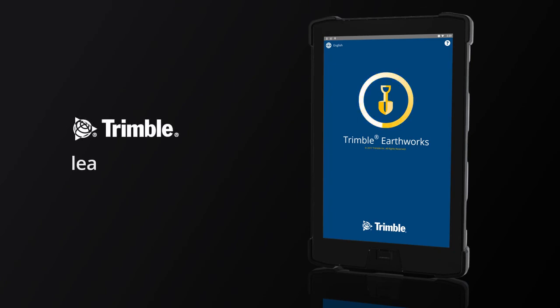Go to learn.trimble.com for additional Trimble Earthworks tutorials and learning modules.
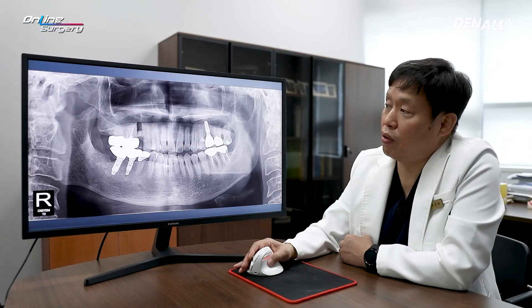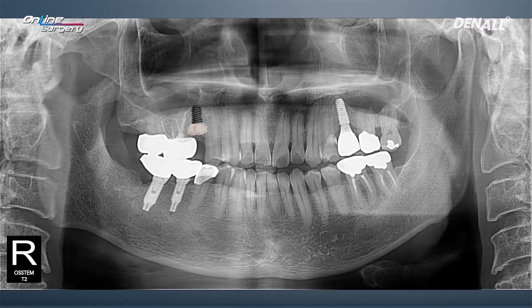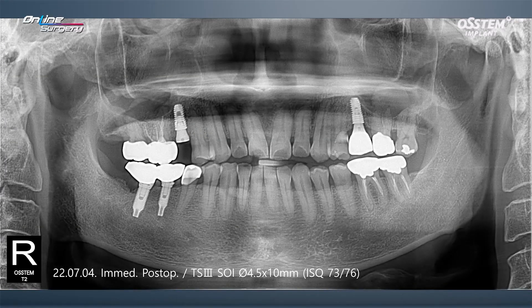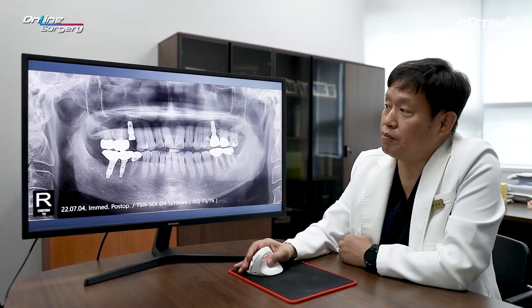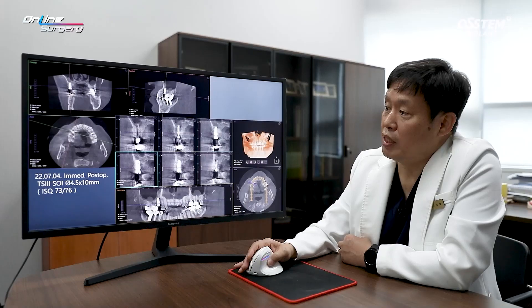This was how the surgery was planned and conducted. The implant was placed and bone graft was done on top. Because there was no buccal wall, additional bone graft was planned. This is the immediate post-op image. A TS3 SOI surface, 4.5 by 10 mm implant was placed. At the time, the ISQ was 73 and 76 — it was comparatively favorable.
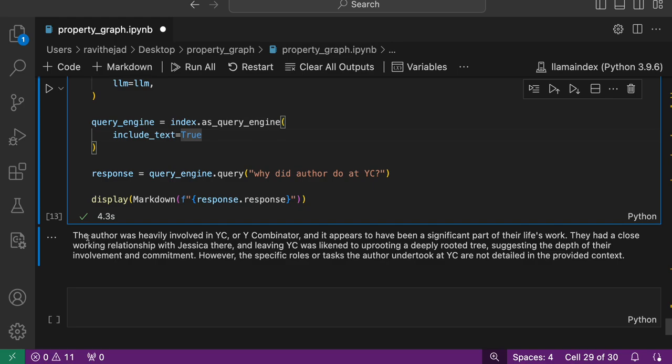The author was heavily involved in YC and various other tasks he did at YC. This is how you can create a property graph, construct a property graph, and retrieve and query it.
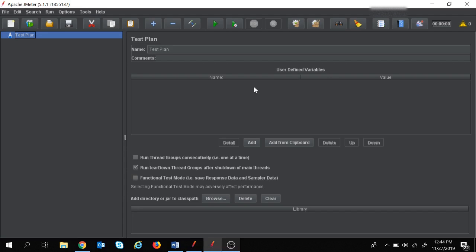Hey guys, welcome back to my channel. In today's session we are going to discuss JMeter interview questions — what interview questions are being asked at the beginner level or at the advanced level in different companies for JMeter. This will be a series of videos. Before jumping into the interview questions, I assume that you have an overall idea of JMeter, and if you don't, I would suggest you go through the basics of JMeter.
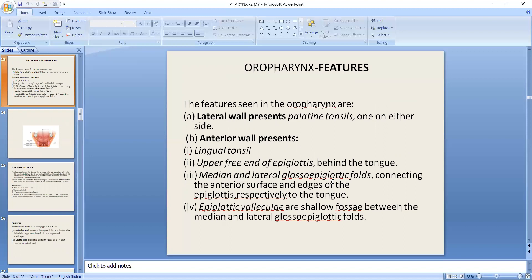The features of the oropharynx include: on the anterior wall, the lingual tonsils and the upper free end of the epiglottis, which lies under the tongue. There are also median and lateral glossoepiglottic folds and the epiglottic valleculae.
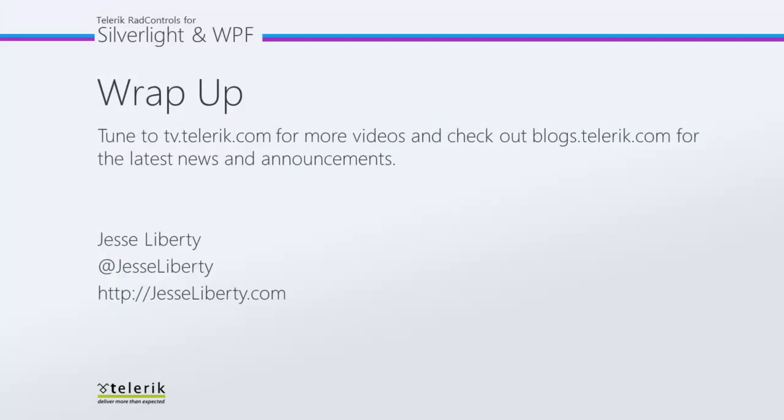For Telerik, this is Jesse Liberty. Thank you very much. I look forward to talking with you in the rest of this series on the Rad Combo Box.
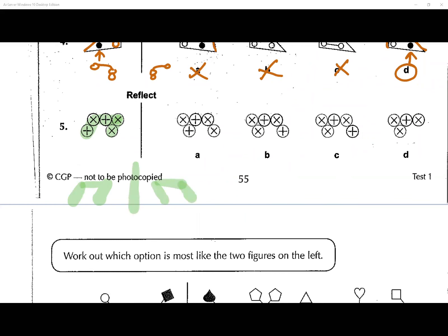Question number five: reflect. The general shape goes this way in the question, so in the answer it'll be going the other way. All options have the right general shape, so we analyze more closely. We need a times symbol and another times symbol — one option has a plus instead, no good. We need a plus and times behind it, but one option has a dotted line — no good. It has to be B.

------------------------------------------------------------------------

**About this task**: Print the data exactly, from its first line to the line containing "This was how", both included. Omit the pictures.

**Solved exercise**:
Go to learn.trimble.com for additional Trimble Earthworks tutorials and learning modules.
This was how the surgery was planned and conducted. The implant was placed and bone graft was done on top. Because there was no buccal wall, additional bone graft was planned. This is the immediate post-op image. A TS3 SOI surface, 4.5 by 10 mm implant was placed. At the time, the ISQ was 73 and 76 — it was comparatively favorable.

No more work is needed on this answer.